In response to the ever-rising rent prices, the Wall Street Journal reports that loan companies are now promoting loans designed to help renters who are struggling to make ends meet.
Some of these lenders target those in upscale apartments, while others focus on individuals living in more affordable homes with tighter budgets.
A program featured by the Wall Street Journal comes from property management firm Stay Tony, offering tenants in Los Angeles and Atlanta the option to finance up to three months of rent over a year. Partnered with Uplift, the loan comes with zero interest for the first six months, and a 15%-17% interest rate thereafter.

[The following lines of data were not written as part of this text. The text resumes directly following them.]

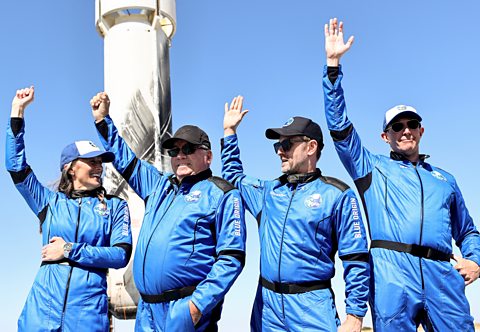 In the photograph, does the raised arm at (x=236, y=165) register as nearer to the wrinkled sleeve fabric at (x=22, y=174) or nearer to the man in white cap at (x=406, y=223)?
the man in white cap at (x=406, y=223)

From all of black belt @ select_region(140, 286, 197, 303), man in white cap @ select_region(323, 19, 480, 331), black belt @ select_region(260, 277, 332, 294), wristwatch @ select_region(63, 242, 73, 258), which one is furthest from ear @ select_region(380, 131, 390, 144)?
wristwatch @ select_region(63, 242, 73, 258)

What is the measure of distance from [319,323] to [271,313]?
1.30 feet

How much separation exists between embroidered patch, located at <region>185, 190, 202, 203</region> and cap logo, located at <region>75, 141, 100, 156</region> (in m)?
1.23

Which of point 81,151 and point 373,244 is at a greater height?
point 81,151

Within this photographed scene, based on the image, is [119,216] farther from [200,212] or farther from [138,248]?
[200,212]

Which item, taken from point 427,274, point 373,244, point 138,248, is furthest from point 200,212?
point 427,274

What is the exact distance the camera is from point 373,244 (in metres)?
4.95

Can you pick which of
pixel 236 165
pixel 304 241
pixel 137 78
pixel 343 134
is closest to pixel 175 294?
pixel 304 241

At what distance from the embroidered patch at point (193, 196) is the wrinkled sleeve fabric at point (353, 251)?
1083 mm

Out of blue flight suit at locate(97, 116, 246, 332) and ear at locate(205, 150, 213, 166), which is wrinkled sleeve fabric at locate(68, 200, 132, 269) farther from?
ear at locate(205, 150, 213, 166)

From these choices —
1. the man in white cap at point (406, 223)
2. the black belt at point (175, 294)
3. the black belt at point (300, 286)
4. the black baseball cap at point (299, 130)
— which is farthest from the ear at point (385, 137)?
the black belt at point (175, 294)

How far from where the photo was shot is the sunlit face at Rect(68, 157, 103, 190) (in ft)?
17.8

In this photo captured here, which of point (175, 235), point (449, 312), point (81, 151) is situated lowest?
point (449, 312)

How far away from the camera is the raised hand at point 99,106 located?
5.59m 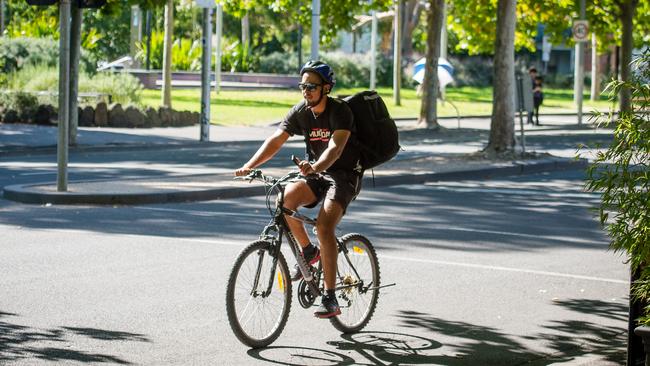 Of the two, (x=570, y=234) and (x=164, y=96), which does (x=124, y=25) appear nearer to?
(x=164, y=96)

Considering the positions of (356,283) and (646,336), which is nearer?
(646,336)

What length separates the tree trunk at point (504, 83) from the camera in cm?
2308

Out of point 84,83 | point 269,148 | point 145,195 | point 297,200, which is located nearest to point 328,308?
point 297,200

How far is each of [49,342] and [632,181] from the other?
368 centimetres

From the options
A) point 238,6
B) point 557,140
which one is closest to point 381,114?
point 238,6

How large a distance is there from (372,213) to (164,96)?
21.1 meters

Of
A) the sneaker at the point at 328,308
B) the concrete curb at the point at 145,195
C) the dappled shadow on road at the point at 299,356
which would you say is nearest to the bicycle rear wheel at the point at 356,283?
the sneaker at the point at 328,308

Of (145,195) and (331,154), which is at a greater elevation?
(331,154)

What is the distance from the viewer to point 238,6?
29219 millimetres

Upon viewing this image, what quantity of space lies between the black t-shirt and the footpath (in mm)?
1916

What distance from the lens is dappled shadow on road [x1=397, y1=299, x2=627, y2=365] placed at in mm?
7418

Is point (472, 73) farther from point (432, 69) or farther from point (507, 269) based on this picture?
point (507, 269)

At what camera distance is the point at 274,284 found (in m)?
7.59

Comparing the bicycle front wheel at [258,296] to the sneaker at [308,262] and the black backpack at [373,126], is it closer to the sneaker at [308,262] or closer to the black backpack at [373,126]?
the sneaker at [308,262] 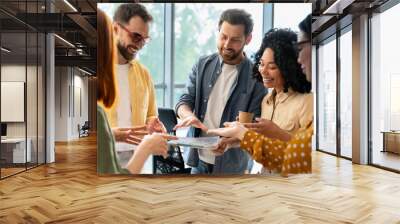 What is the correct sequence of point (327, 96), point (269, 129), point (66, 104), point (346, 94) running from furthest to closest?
point (66, 104)
point (327, 96)
point (346, 94)
point (269, 129)

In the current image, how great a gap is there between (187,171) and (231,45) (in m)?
1.85

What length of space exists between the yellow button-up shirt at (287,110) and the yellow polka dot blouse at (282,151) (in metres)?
0.12

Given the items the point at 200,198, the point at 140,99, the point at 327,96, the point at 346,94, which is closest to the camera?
the point at 200,198

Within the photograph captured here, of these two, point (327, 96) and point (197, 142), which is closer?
point (197, 142)

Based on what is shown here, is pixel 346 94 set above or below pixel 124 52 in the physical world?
below

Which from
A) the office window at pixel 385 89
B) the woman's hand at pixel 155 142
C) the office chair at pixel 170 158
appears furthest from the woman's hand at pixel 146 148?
the office window at pixel 385 89

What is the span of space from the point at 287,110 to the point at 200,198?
1.69 meters

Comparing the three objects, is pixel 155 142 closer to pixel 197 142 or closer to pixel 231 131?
pixel 197 142

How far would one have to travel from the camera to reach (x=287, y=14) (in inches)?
217

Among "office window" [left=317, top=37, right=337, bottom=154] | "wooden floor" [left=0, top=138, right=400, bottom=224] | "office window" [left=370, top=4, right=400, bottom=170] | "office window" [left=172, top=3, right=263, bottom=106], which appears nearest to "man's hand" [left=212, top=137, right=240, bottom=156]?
"wooden floor" [left=0, top=138, right=400, bottom=224]

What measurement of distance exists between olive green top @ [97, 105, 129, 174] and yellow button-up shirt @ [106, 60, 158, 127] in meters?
0.11

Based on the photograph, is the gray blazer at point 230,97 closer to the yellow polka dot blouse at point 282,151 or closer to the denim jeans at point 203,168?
the denim jeans at point 203,168

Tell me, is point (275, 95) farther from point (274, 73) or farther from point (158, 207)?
point (158, 207)

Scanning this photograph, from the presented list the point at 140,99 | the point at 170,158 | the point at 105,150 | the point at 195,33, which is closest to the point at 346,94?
the point at 195,33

Other services you may have come across include Domuso and Till, which collaborate with property managers to ease rent payments, even offering loans to cover all or part of the rent. Till claims on its website that its loans, which can go up to $2,000, are four times less expensive than payday loans or late fees.
The WSJ points out that the rising cost of rent is a major factor, with the median rent in the U.S. hitting a record high of $1,006 per month earlier this year. It also references a National Multifamily Housing Council report, which finds that 3% of renters (from over 100,000 surveyed) pay their rent using credit cards. If more landlords allowed credit card payments, 16% of respondents said they would use this method.
Rent-specific loans might seem a bit off-putting, but they're certainly not as predatory as payday loans, which come with exorbitant interest rates. However, unlike payday loans, you’ll need to ensure your credit score is in good standing before applying for a rent loan.
If you’re stressed about your ability to pay rent, make sure to thoroughly read the fine print of any loan offered through your landlord. The last thing you want is to have the same person or company controlling both your rent and the interest on the loan you took out to cover it.
If you’re in the process of choosing a rental and are feeling concerned about managing your rent payments once you move in, it may be time to reassess your housing costs. It’s not always fun (and may not be possible in every area), but reducing the portion of your income spent on rent can help create a financial buffer that eliminates the stress of scrambling to cover rent.